Stored data –

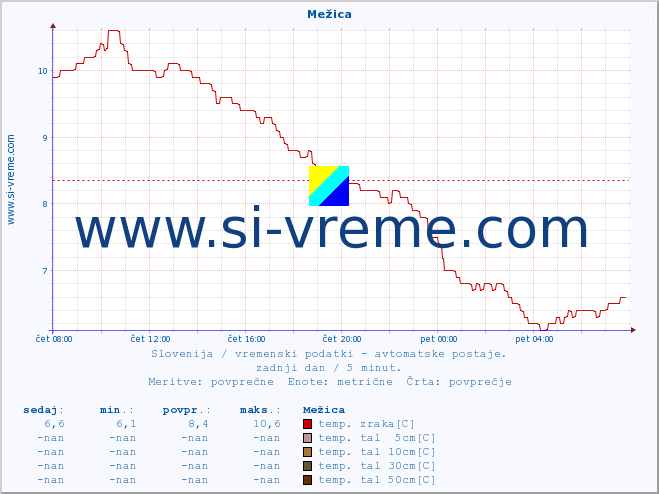 POVPREČJE :: Mežica :: temp. zraka | vlaga | smer vetra | hitrost vetra | sunki vetra | tlak | padavine | sonce | temp. tal  5cm | temp. tal 10cm | temp. tal 20cm | temp. tal 30cm | temp. tal 50cm :: zadnji dan / 5 minut.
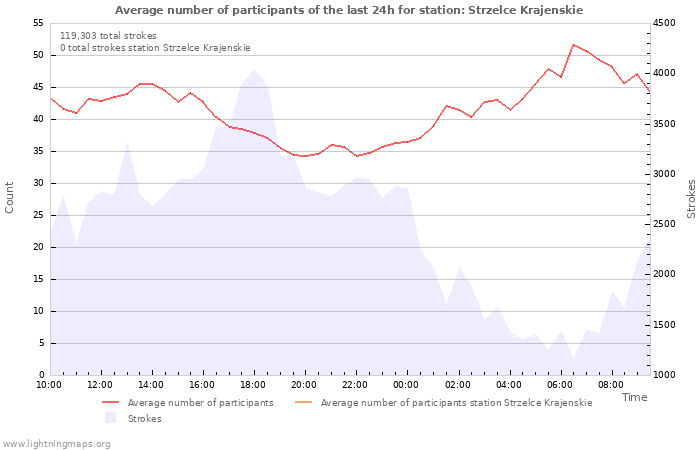 Graphs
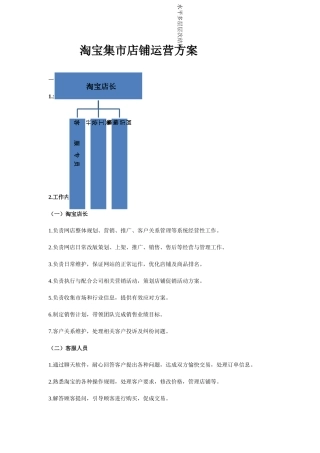 淘宝集市店铺运营方案
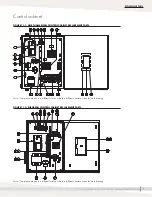 Preview for 75 page of DriSteem Vaporstream Installation, Operation And Maintenance Manual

About this task – Retype the data word for word and keep the pictures out of it.

Solution –
 POVPREČJE :: Mežica :: temp. zraka | vlaga | smer vetra | hitrost vetra | sunki vetra | tlak | padavine | sonce | temp. tal  5cm | temp. tal 10cm | temp. tal 20cm | temp. tal 30cm | temp. tal 50cm :: zadnji dan / 5 minut.
 Graphs
 淘宝集市店铺运营方案
 Preview for 75 page of DriSteem Vaporstream Installation, Operation And Maintenance Manual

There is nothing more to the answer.